Au mass concentrations of the products used in this study were determined both with and without prior digestion with aqua regia. The aim of this two-fold determination was to identify possible differences attributable to incomplete atomisation and ionisation of the particles in the plasma. The determination of the Au mass concentration following digestion revealed significant challenges. During the analysis of the blank sample, which was treated in the same way as the samples and therefore contained small residues of aqua regia, a strong increase of the baseline signal was observed. Long washing periods (>10 min) were necessary to reach acceptable baseline levels. Au is one of the elements suffering from memory effects associated with interactions with the sample introduction system [30,31,32]. Aqua regia or its reaction products seem to dissolve residues of elemental Au deposited in the sample introduction system (tubing walls, spray chamber, nebuliser) which are not released by aspiration of 2% nitric acid, i.e., the conditioning solution that is typically used. Recovery measurements were fundamental as quality control to avoid overestimation. One laboratory determined mass concentrations also with ICP-OES, which in some cases is less susceptible to small variations of the blank level related to gold washout from the introduction system. Table 6 includes all Au mass concentrations determined by the three laboratories with various techniques, with and without digestion. Considering the uncertainties of the obtained mass concentrations, for most of the tested materials the difference compared to the declared value is either irrelevant or very small. The product that showed the highest variability and deviation from the declared value was PELCO50. The declared value seemed to be lower compared to the average concentration of all three laboratories (53.0 mg L⁻¹ vs. measured average of 55.2 mg L⁻¹). For most of the tested products, the CoA did not include an uncertainty of the declared mass concentration, which would also need to be taken into consideration. Au concentration of NIST CaRM, for which no Au concentration value was provided, was found to be 51.3 mg L⁻¹ on average. The second product for which no (direct) gold mass concentration was provided on the certificate was the BBI test material. In this study its concentration was determined as being 46.4 mg L⁻¹ on average.

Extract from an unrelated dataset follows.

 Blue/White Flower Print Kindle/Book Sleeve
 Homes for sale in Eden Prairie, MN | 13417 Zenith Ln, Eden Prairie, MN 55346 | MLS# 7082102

3.5. Determination of the Ionic Fraction

The presence of ionic Au in the suspensions used for the determination of transport efficiencies is undesired. This is especially true when the determination is based on measured particle frequency, where the theoretical number of particles is derived from the particle diameter and the suspension’s mass concentration. Thus, all AuNP suspensions were tested for the presence of a soluble gold fraction. No ionic Au could be detected in the filtrate for any of the materials. For quality control and recovery purposes, a 60 µg L⁻¹ ionic Au standard solution (diluted in ultrapure water) was filtered as well. The recovery, measured on two separate days, was found to be 61.9 ± 0.9% (n = 2) and 66.8 ± 4.4% (n = 4) on the first and the second day respectively. Some of the ionic Au got lost during the filtration process, possibly due to adsorption on the filter membrane made of regenerated cellulose. Given that the recovery on the two investigated days was relatively repeatable and therefore assuming an average recovery of around 65%, a theoretical maximum possible amount of ionic Au in the starting products could be estimated from the limit of quantification of ionic Au. The limit of quantification was estimated as being equivalent to the concentration value that corresponds to an instrument signal-to-noise ratio in the range of 10 [33]. The noise corresponded to 73.2 ± 6.1 cps (n = 7). Ten times the noise was therefore equivalent to around 730 cps, which corresponded to an Au mass concentration of 0.05 µg L⁻¹. Therefore, the measured Au concentrations in the filtrate of all tested products corresponded to <0.05 µg L⁻¹, becoming 0.08 µg L⁻¹ when adjusting for the average recovery. The analysed samples were diluted 1:1000. In the undiluted sample, the theoretical highest amount of ionic Au is therefore below 0.08 mg L⁻¹ and can therefore be deemed to be irrelevant. An additional aspect that made it unlikely to find ionic Au in the test materials, is that Au ions such as tetrachloroaurate are reduced to elemental Au in the presence of citrate ions in aqueous solutions [34]. Most of the tested products were sold suspended in citrate solutions.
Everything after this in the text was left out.